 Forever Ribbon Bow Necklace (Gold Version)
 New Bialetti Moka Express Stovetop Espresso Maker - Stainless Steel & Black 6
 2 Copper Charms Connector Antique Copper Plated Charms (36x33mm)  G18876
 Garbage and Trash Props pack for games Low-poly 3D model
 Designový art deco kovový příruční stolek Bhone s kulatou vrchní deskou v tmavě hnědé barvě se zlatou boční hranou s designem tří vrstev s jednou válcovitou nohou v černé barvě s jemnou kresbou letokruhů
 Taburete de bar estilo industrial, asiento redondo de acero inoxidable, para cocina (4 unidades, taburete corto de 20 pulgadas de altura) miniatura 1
^^^^^^^^
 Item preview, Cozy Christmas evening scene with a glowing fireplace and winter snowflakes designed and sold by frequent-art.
^^^^^^^^
What is required: Reprint exactly the lines above that start at the one with "2 Copper Charms" and end at the one with "Taburete de bar", keeping both and adding none.

Exercise solution:
 2 Copper Charms Connector Antique Copper Plated Charms (36x33mm)  G18876
 Garbage and Trash Props pack for games Low-poly 3D model
 Designový art deco kovový příruční stolek Bhone s kulatou vrchní deskou v tmavě hnědé barvě se zlatou boční hranou s designem tří vrstev s jednou válcovitou nohou v černé barvě s jemnou kresbou letokruhů
 Taburete de bar estilo industrial, asiento redondo de acero inoxidable, para cocina (4 unidades, taburete corto de 20 pulgadas de altura) miniatura 1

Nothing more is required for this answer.